Why does Python sometimes upgrade a string to unicode and sometimes not?
- by samtregar
I'm confused. Consider this code working the way I expect:
>>> foo = u'Émilie and Juañ are turncoats.'
>>> bar = "foo is %s" % foo
>>> bar
u'foo is \xc3\x89milie and Jua\xc3\xb1 are turncoats.'
And this code not at all working the way I expect:
>>> try:
... raise Exception(foo)
... except Exception as e:
... foo2 = e
...
>>> bar = "foo2 is %s" % foo2
------------------------------------------------------------
Traceback (most recent call last):
File "<ipython console>", line 1, in <module>
UnicodeEncodeError: 'ascii' codec can't encode characters in position 0-1: ordinal not in range(128)

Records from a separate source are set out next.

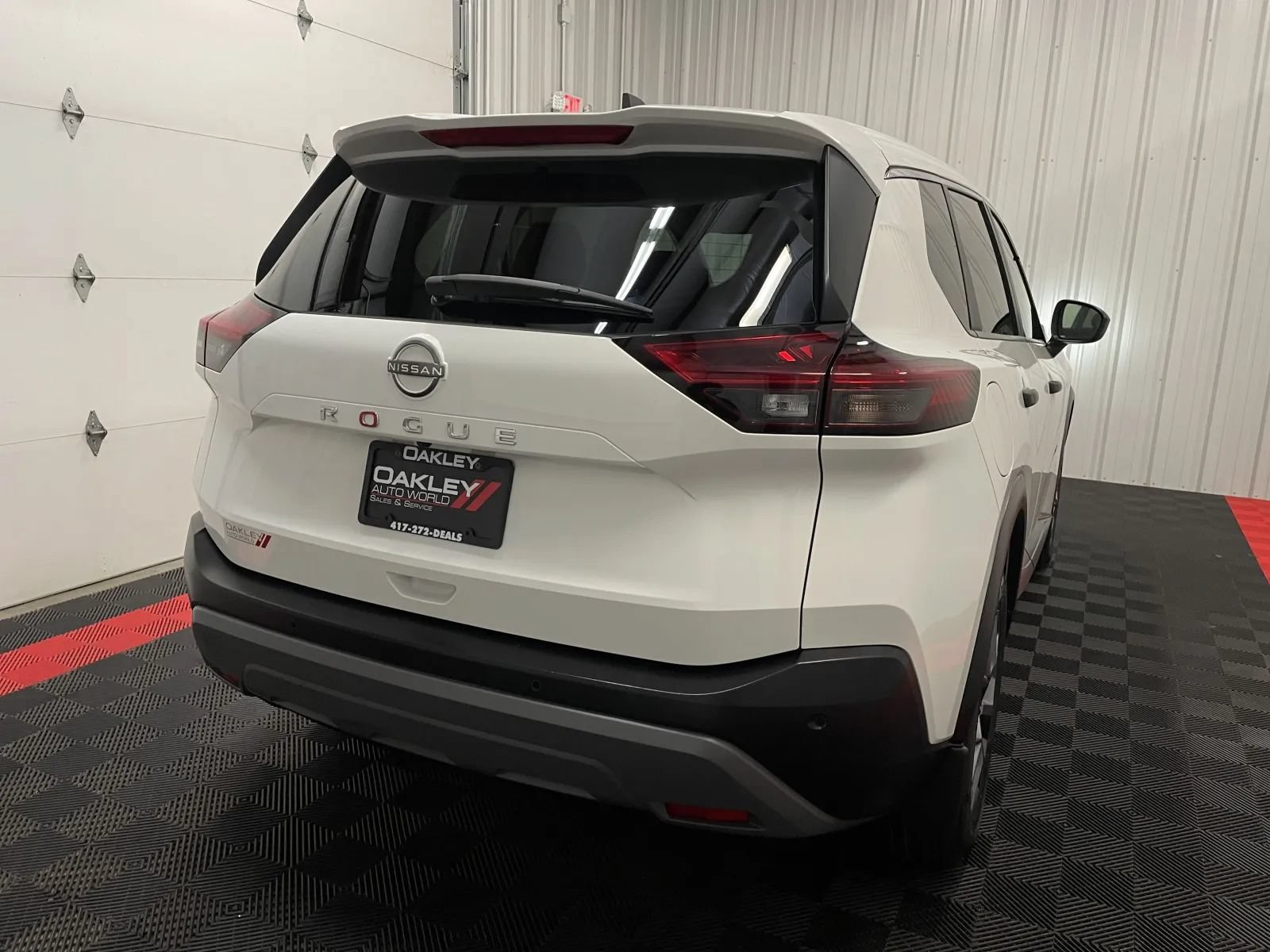 Used 2023 Nissan Rogue S FWD image 14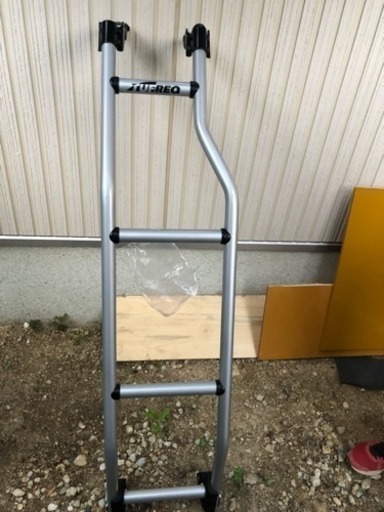 ハイエース リアラダー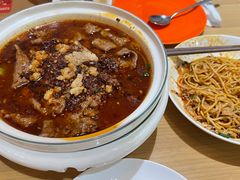 -渝信川菜 · 川味家常菜(财富购物中心店)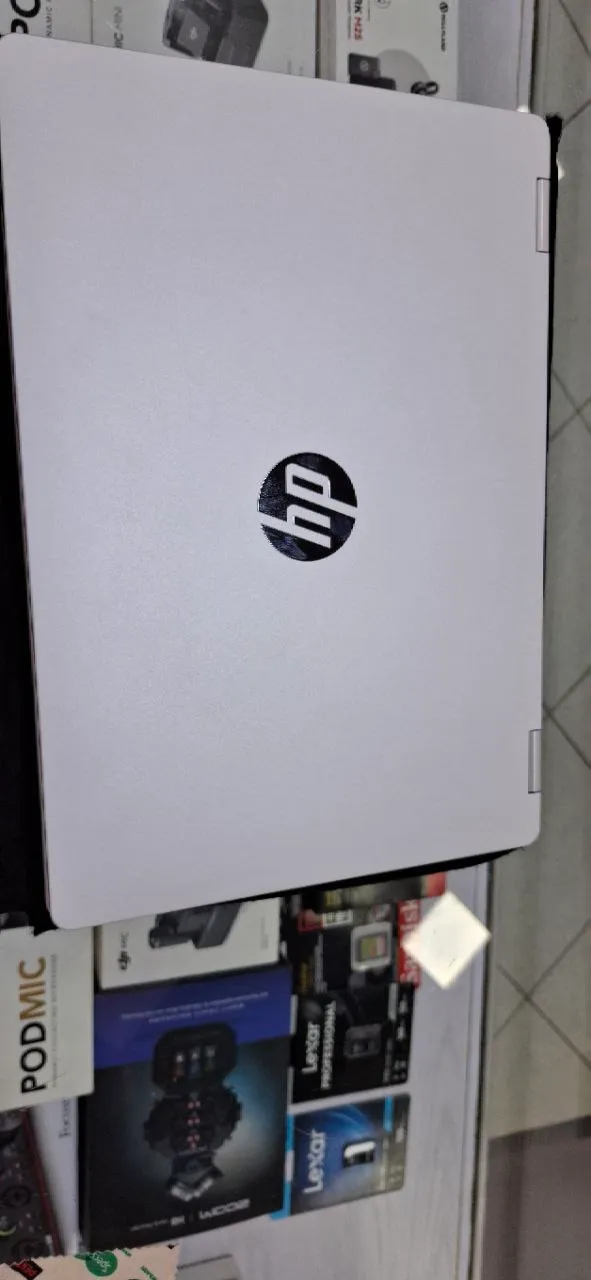 HP OmniBook 5 Flip i5 Laptop – photo 4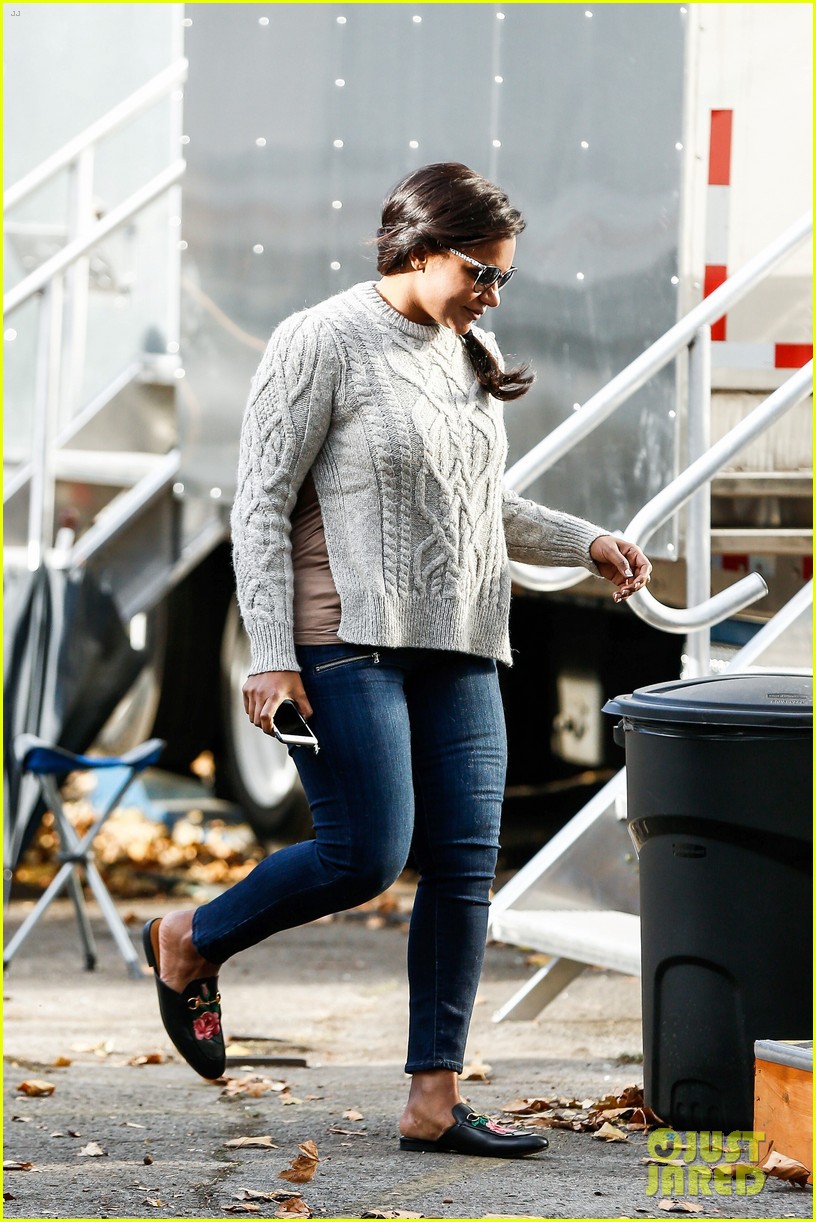 Photo rihanna sandra bullock and anne hathaway stay warm during oceans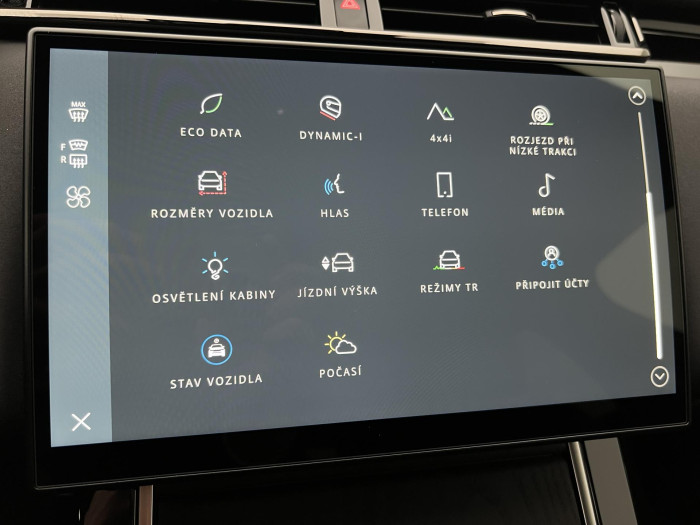 Land Rover Range Rover Velar P250 DYNAMIC SE AWD AUT CZ 2.0 Dynamic SE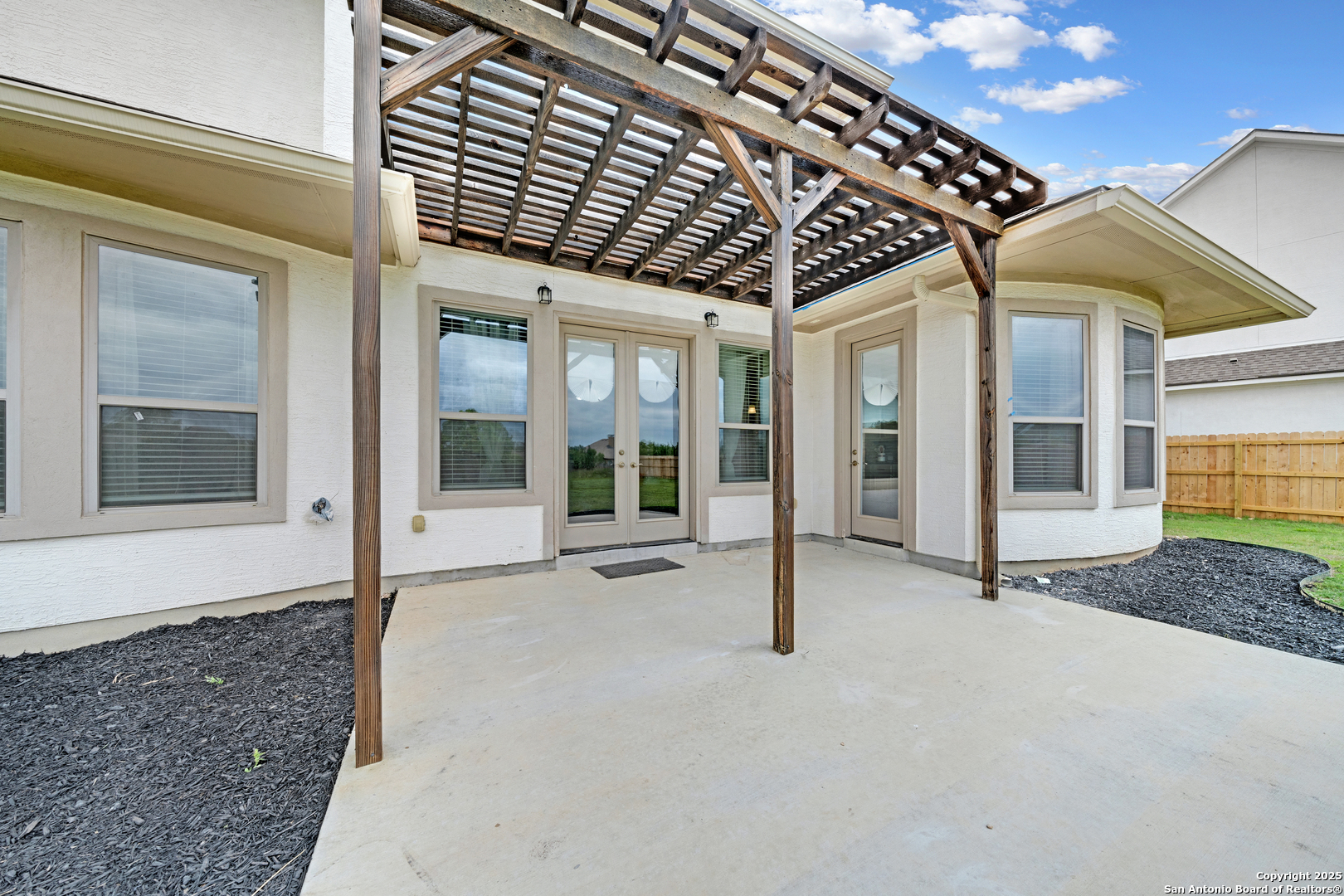 7151 Agarita Mist Fair Oaks Ranch, TX 78015 - Photo 40 of 49 a view of a porch
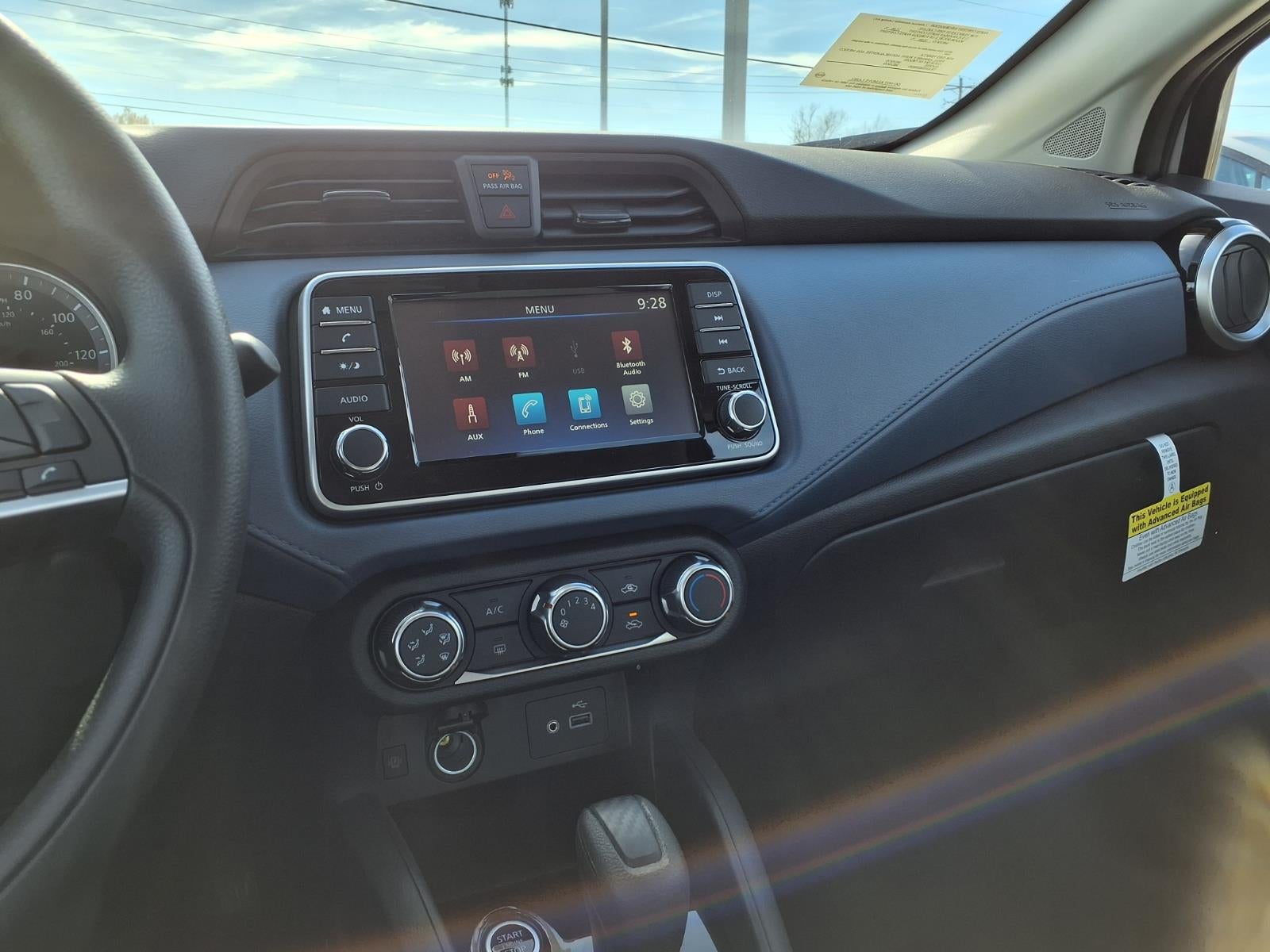 2025 Nissan Versa SV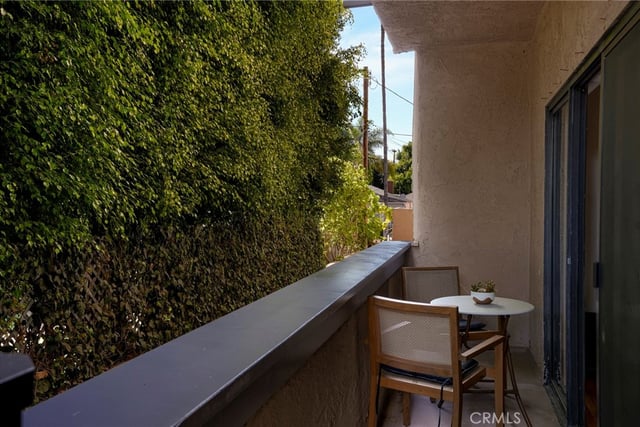 2307 Fox Hills 105, Los Angeles, CA 90064 — photo 13 of 34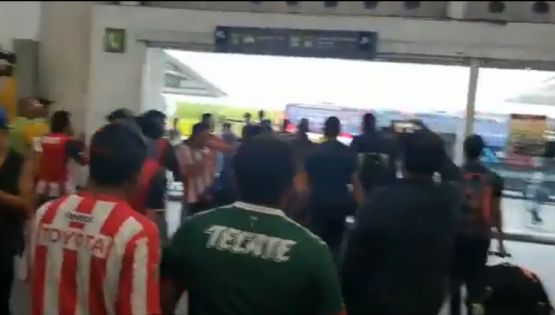 Video | Aficionados de Chivas agreden a Futbolistas del América Sub-20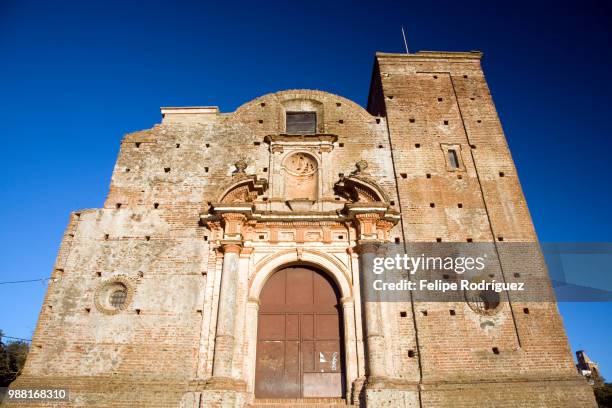 el monumento, 18th century unfinished church, town of casta del robledo, province of huelva, andalus - monumento stock-fotos und bilder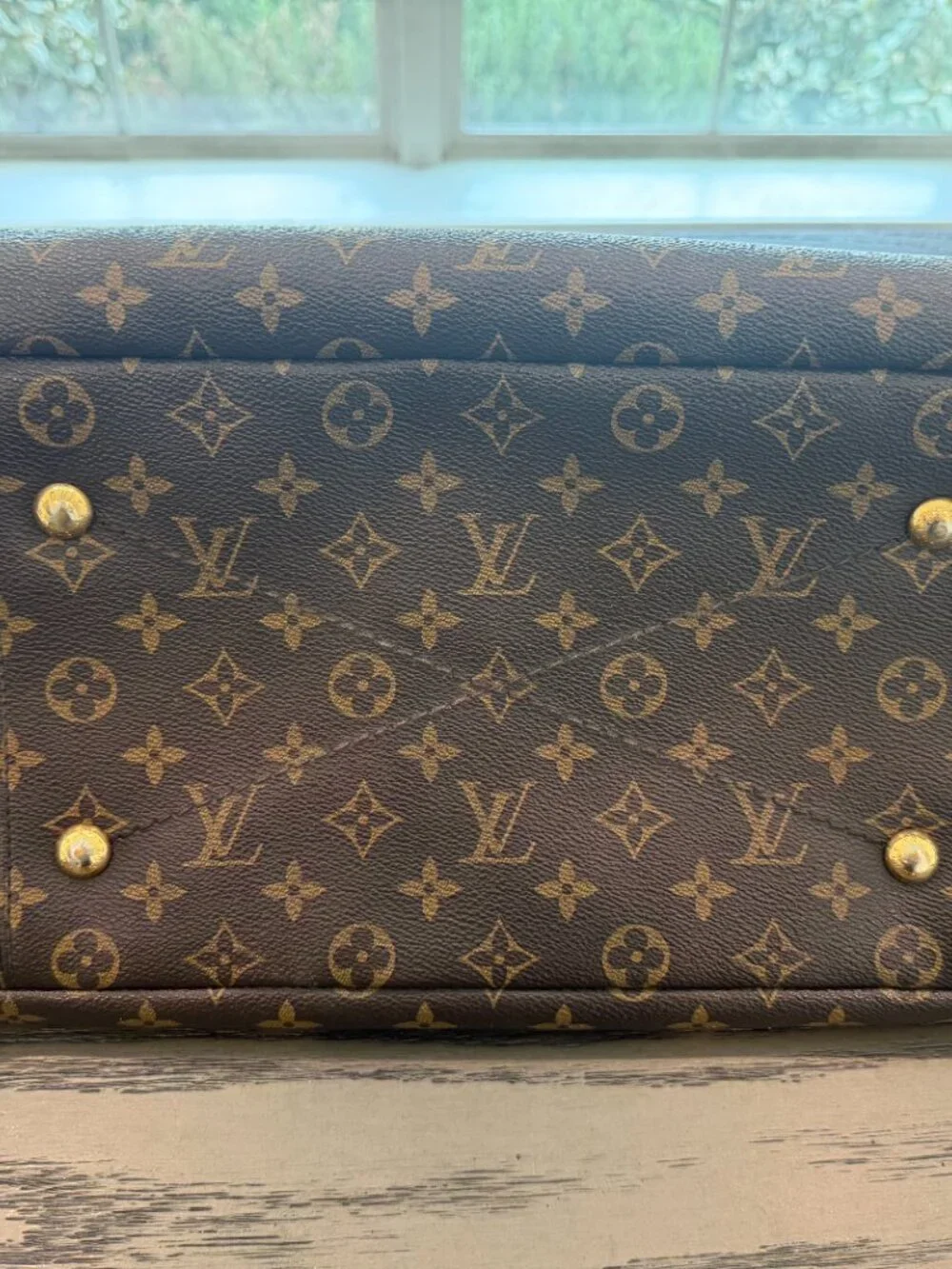 Louis Vuitton Artsy MM - Picture 4 of 6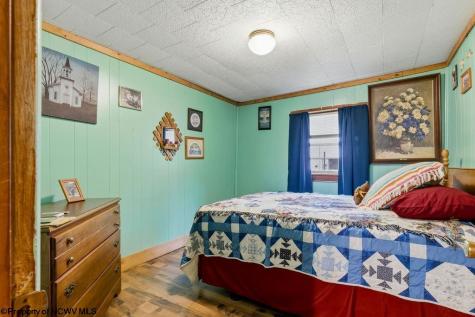 115 Virginia Street Gassaway WV 26624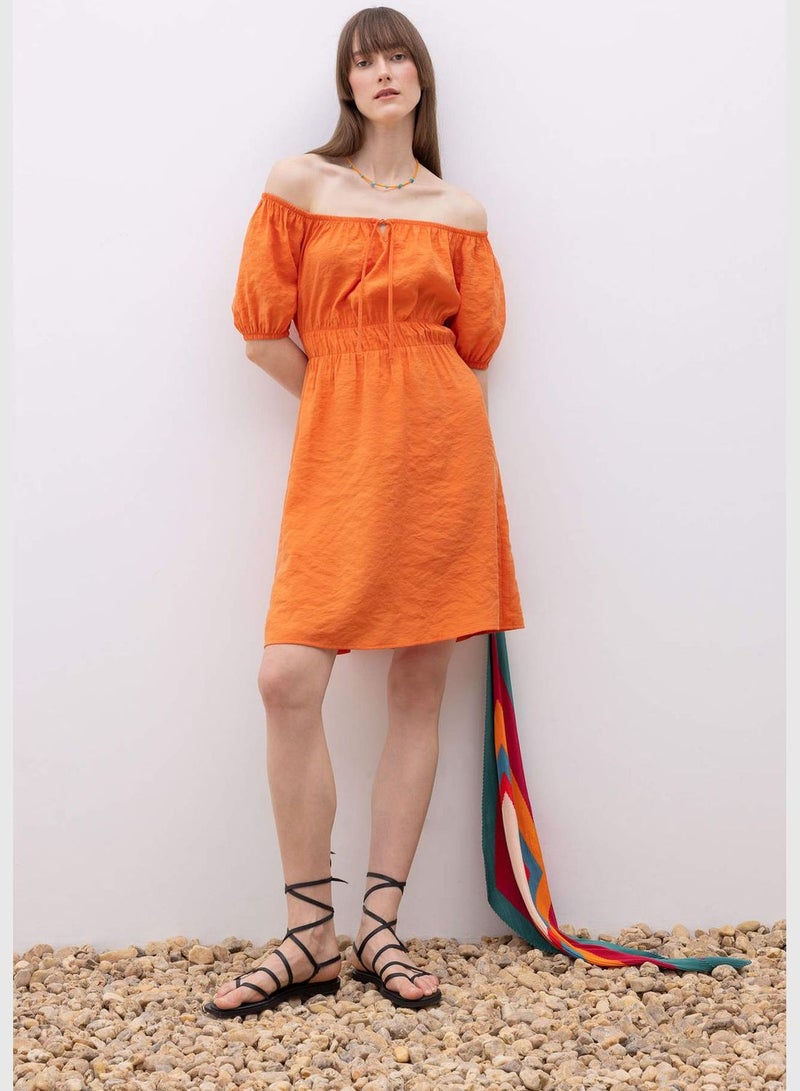Woman Short Sleeve Woven Dress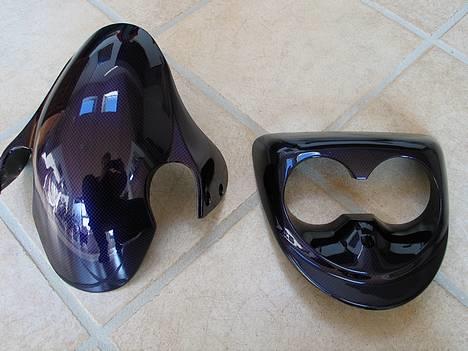 PGO ¤HOTTEN¤ xSOLGTx - ny dele carbon forskærm og forlygter skjold :) billede 2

Can someone explain what's going on here? Why does it matter whether the unicode data is in a plain unicode string or stored in an Exception object? And why does this fix it:
>>> bar = u"foo2 is %s" % foo2
>>> bar
u'foo2 is \xc3\x89milie and Jua\xc3\xb1 are turncoats.'
I am quite confused! Thanks for the help!
UPDATE: My coding buddy Randall has added to my confusion in an attempt to help me! Send in the reinforcements to explain how this is supposed to make sense:
>>> class A:
... def __str__(self): return "string"
... def __unicode__(self): return "unicode"
...
>>> "%s %s" % (u'niño', A())
u'ni\xc3\xb1o unicode'
>>> "%s %s" % (A(), u'niño')
u'string ni\xc3\xb1o'
Note that the order of the arguments here determines which method is called!